On the top was a black-edged yellow triangle, inside of which was the biological hazard indicator, three half-moons—not unlike those to be found on the tops of minarets of Muslim houses of worship—joined together at their closed ends over a circle. Below this, black letters on a yellow background spelled out DANGER! BIOLOGICAL HAZARD!

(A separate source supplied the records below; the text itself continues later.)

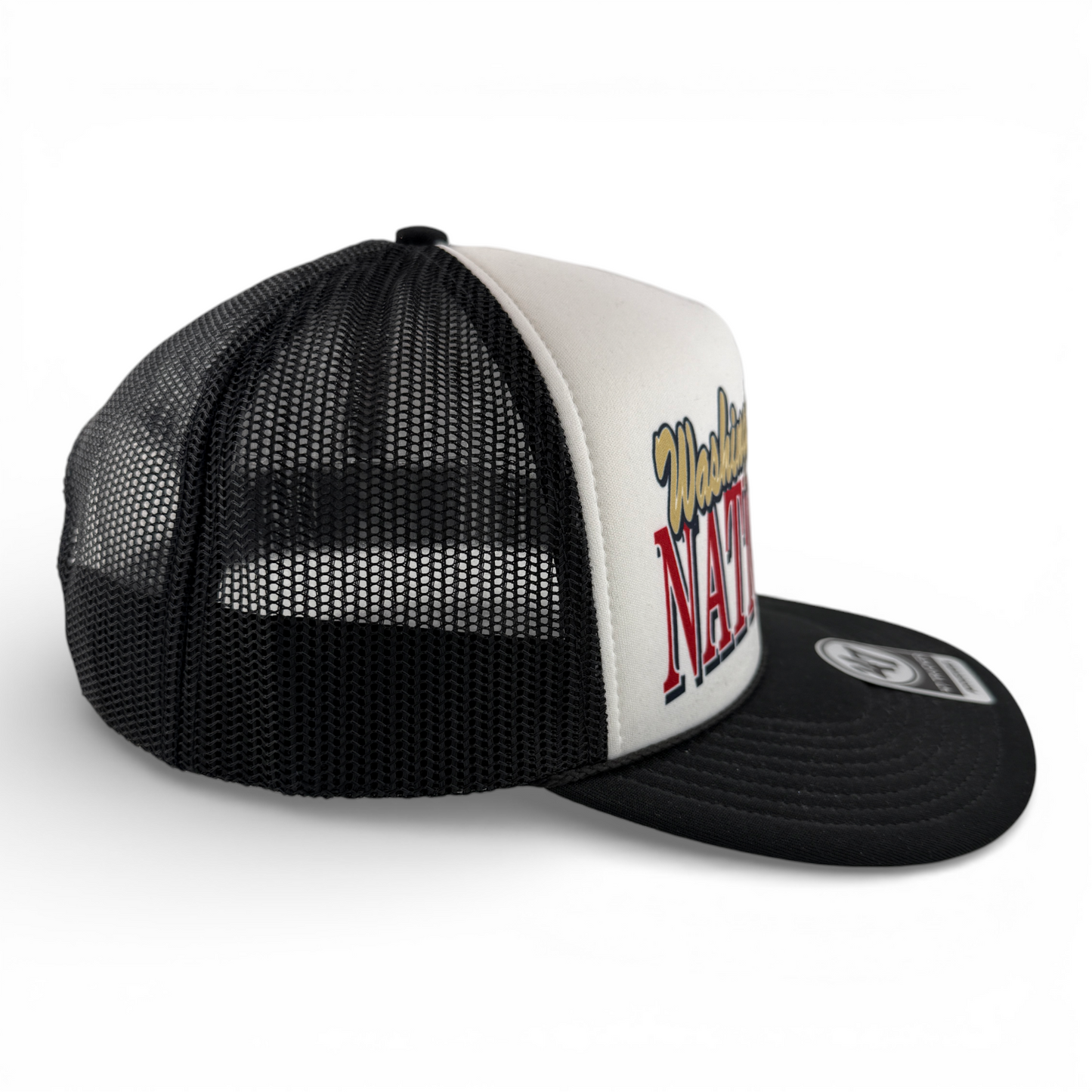 '47 Brand Washington Nationals MLB Creedence Foam Trucker Mesh Back Snapback Hat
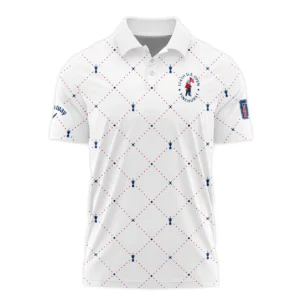 Argyle Pattern With Cup 124th U.S. Open Pinehurst Nike Style Classic, Short Sleeve Polo Shirts Quarter-Zip Casual Slim Fit Mock Neck Basic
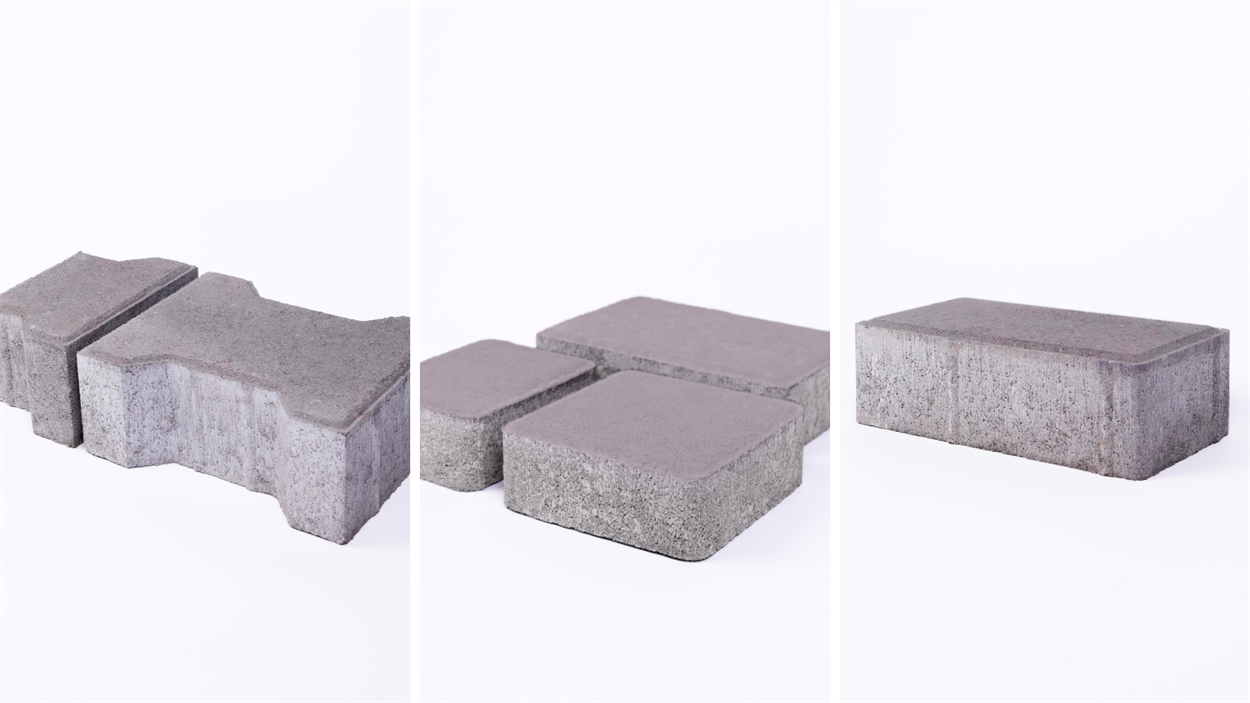 Бруківка у різній товщині.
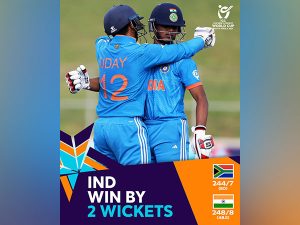 U19 WC: Dhas' masterclass, Saharan's composure help India pip South Africa to reach final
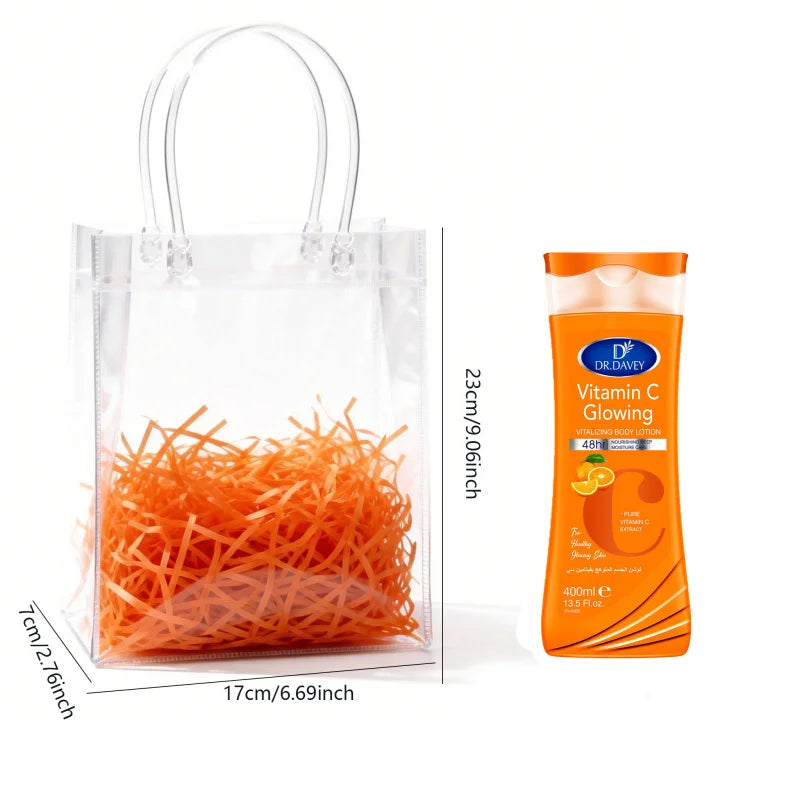 DR.DAVEY Vitamin C Body Care Set – Lotion, Soap & Oil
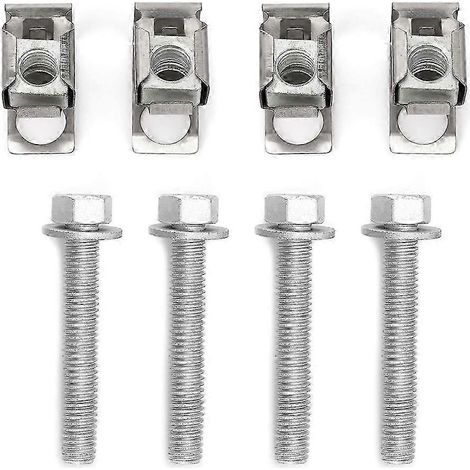 Kit de boulons de collecteur d'échappement (boulons à bride, écrous en U) 6036734AA 6036684AA pour Dodge Dakota, Ram 1500 et Jeep Wrangler (bonne qualité). (1/5)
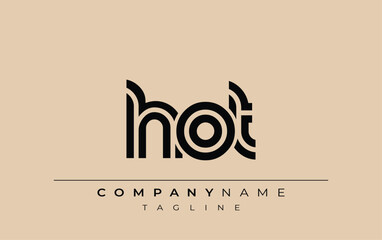 Fototapeta premium HOT Creative Unique Modern Letter Logo Design. Stylized logo featuring a unique letter design, presenting abstract minimalist aesthetics and modern appeal.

Beside this—in a red circle, not unlike a No Parking symbol—the silhouette of a walking man was bisected by a crossing red line. The message below this in white letters on a red background was AUTHORIZED PERSONNEL ONLY!

This was apparently intended to keep curious people from opening the container to have a look at the biological hazard. This would have been difficult, as the container was closed with four lengths of four-inch-wide plastic tape, two around the long end and two around the short. The tape application device had closed the tapes by melting the ends together. The only way to get into the container was by cutting the tape with a large knife. It would thus be just about impossible for anyone to have a look inside without anyone noticing.

Once the biological hazard package was laid on the table, it was examined by two score or more specially trained technicians. It was X-rayed, sniffed for leakage and the presence of chemicals which might explode, and tested for several other things, some of them classified.

Only after it had passed this inspection was the FedEx receipt signed. The package was then turned over to two armed security officers. Most of these at Fort Detrick were retired Army sergeants. One of them got behind the wheel of a battery-powered golf cart, and the other, after putting the container on the floor of the golf cart, got in and—there being no other place to put them—put his feet on the container.

At this point the driver checked the documentation to the final destination.

“Oh, shit,” he said. “It’s for Hamilton personally.”